Find the list of full ingredients in the recipe card below. 

Tips for Making These Strawberry Shortcakes

  • The cottage cheese you use will affect how much flour you need: I prefer using 2% or 4% cottage cheese for this recipe because it contains less water. If your dough is too wet, add more flour 1 tablespoon at a time until the dough doesn’t stick to your fingers. 
  • Make sure to measure the cottage cheese after blending it: This will yield a more accurate measurement than measuring when the cottage cheese curds are still in tact.

Serve and Enjoy!

To serve, slice the biscuits in half.

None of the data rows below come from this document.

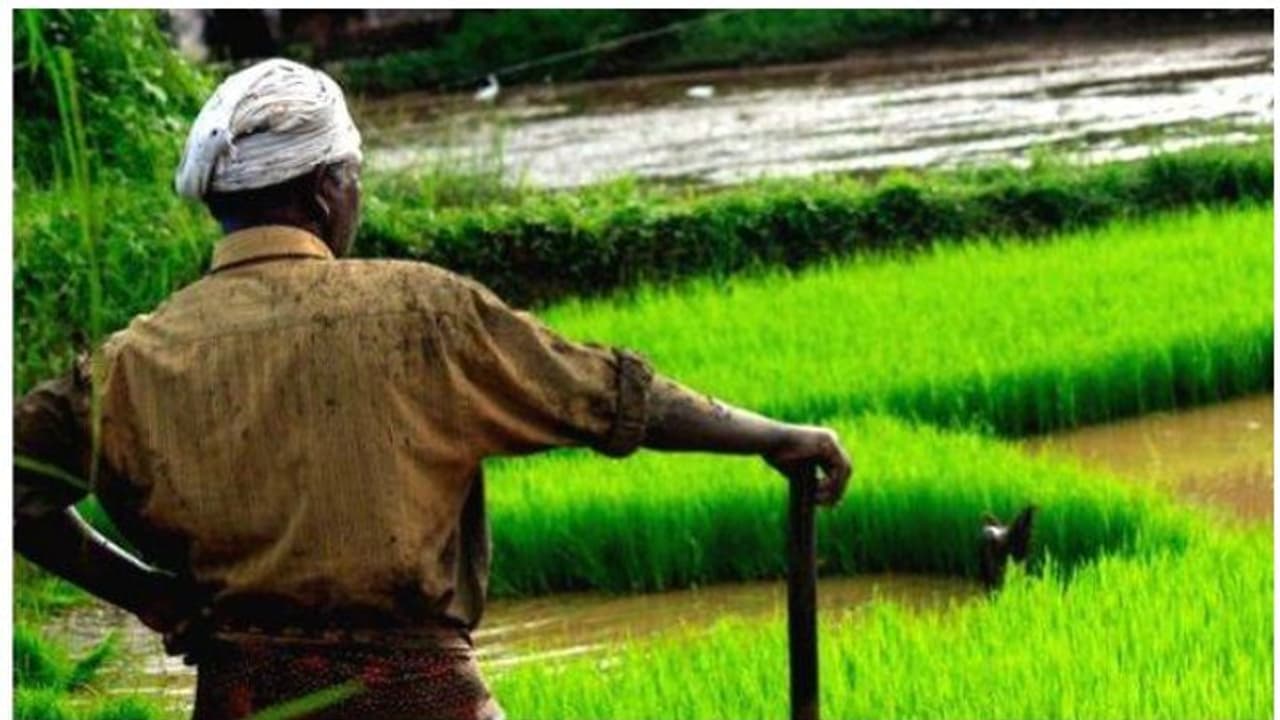 മൊറട്ടോറിയം പദ്ധതിയോട് മുഖം തിരിച്ച് കര്‍ഷകര്‍; പിന്തിരിയല്‍ കാര്‍ഷികവായ്പകളില്‍ പലിശയിളവ് കിട്ടാത്തതിനാല്‍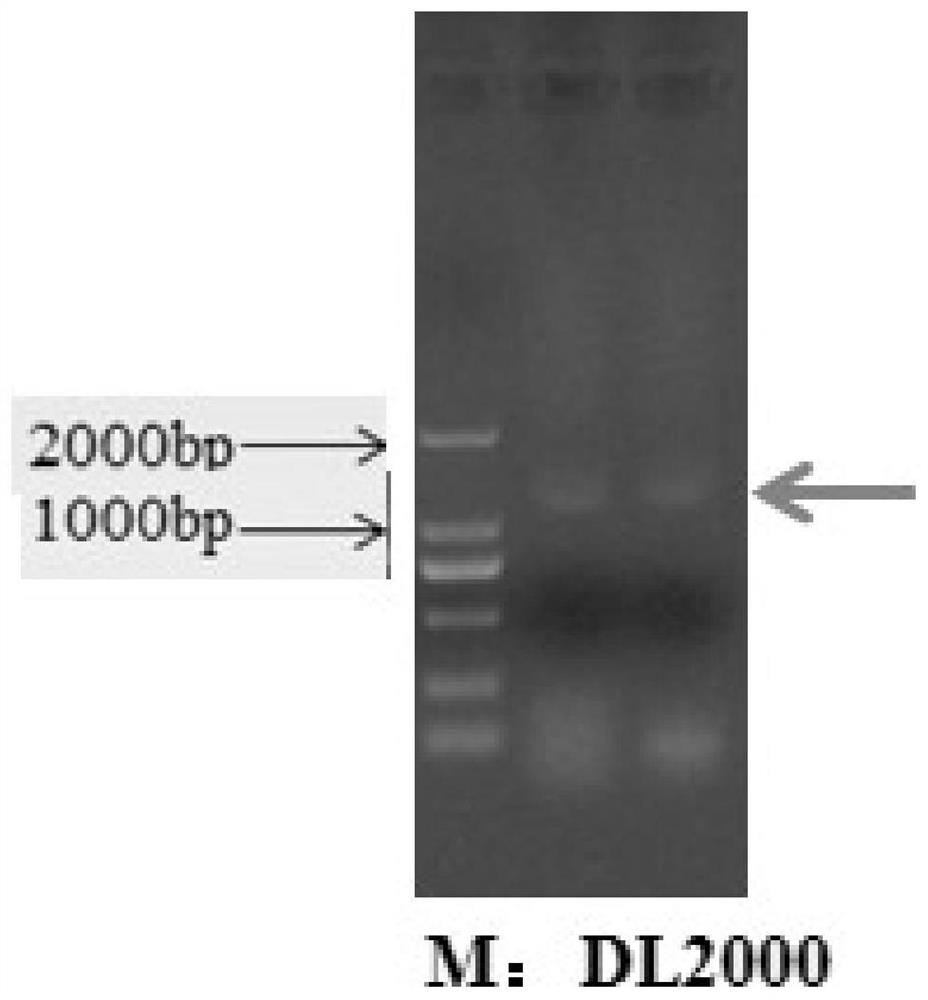 A method for improving carbon fixation efficiency of microalgae and transgenic Chlamydomonas and application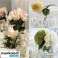 Boules d’irrigation 10000 pcs. Gardlov 24750 photo 4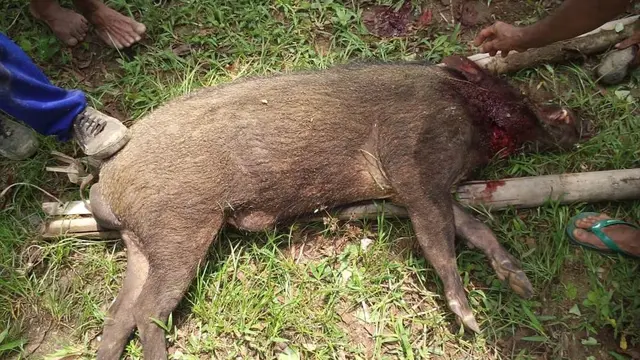 Celeng yang menyerang petani Kebumen berhasil dibunuh. (Liputan6.com/Cok. Pusdalops Kebumen/Muhamad Ridlo)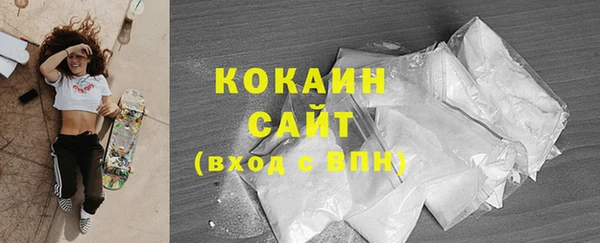 шишки Верхний Тагил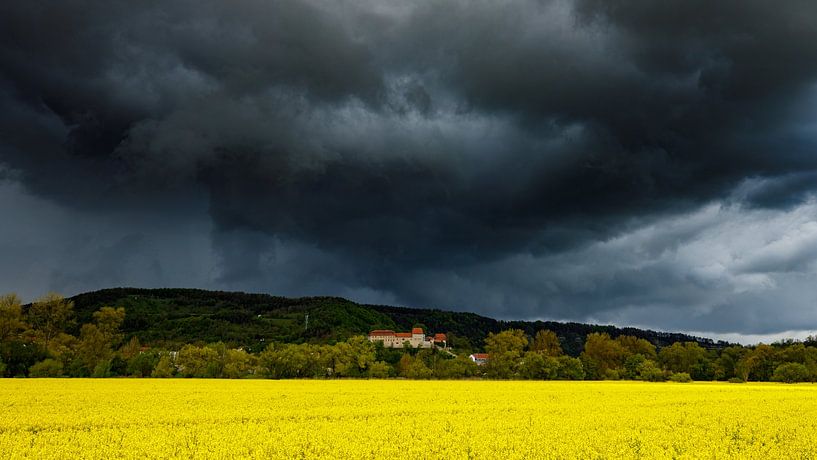 The Creuzburg by Roland Brack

Tope one half with sliced strawberries and then top with the other biscuit half. Top with a dollop of fresh whipped cream, and enjoy! I like to add a sprig of fresh mint and a drizzle of honey to fancy these up when serving family and friends. My toddler recommends topping with rainbow sprinkles 🥰.

What to Do With Leftovers

Have leftovers? Wait to assemble the remaining shortcakes until you’re ready to serve. Store the biscuits in an air-tight container in the fridge for up to 3 days. Store the strawberries and whip separately in air-tight containers also in the fridge.

A strawberry shortcake dessert with layers of biscuits, whipped cream, and sliced strawberries on a plate, surrounded by whole strawberries and mint leaves.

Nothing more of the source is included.